Medical imaging is the technique that is used to generate images of human body or parts for clinical purposes or medical science. Revolutionary advances in imaging technology provides a superior method for imaging apoptosis. A team of researchers from the University of Notre Dame and the Washington University School of Medicine elucidates the method of using a synthetic probe to target against dead and dying cells in mammary and prostate tumors. The study was supported by the National Institutes of Health, Notre Dame’s Walther Cancer Center and the Notre Dame Integrated Imaging Facility.

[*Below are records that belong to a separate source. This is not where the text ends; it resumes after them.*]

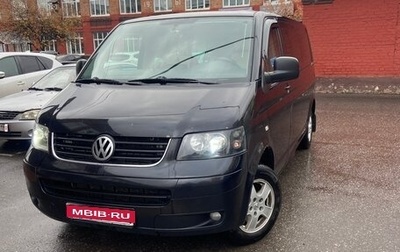 Volkswagen Caravelle T5, 2007 год, 1 349 000 рублей, 1 фотография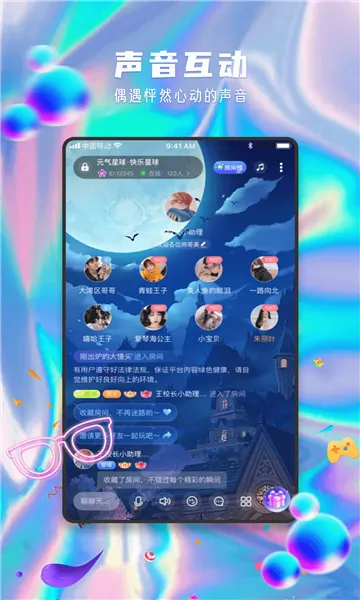 Ԫ������(�����罻����)v13.24.1 ��Ѱ��ͼ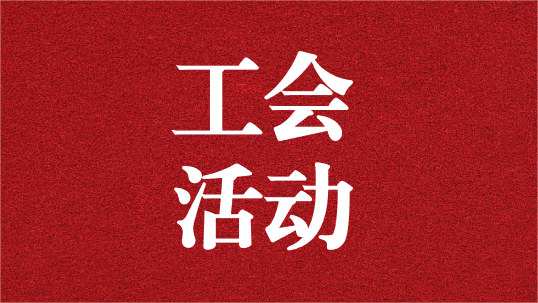 關(guān)愛員工，呵護(hù)童心——天晟源環(huán)保工會(huì)開展6·1兒童節(jié)活動(dòng)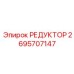 2695707147 РЕДУКТОР Epiroc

The research team had previously revealed the use of fluorescent near infrared probe, PSS-794 to image the bacterial infections in mice. The study indicate that PSS-794 has a remarkable capacity to selectively target anionic cells in living animals. Currently the researchers explains the development off animals imaging capability of PSS-794. The study focused on mammary and prostate tumors, imaging of cell death is broadly useful for treatment of numerous conditions, including cardiovascular disease, neurology, renal disease and even transplant rejection. Interestingly, the research is a key step towards the development of optical imaging probes that could determine, noninvasively, the amount and type of cell death in tumors. Also these imaging techniques could help clinicians accurately determine the grade of tumors and the stage of cancers, as well as to measure the effectiveness of treatments.
The team hopes that the developed analogous probes would be used for deep tissue imaging of cancers in humans. Bradley D. Smith, Professor explained that the imaging of cell death is useful for treatment for numerous conditions, including cardiovascular disease, neurology, renal disease and even transplant rejection.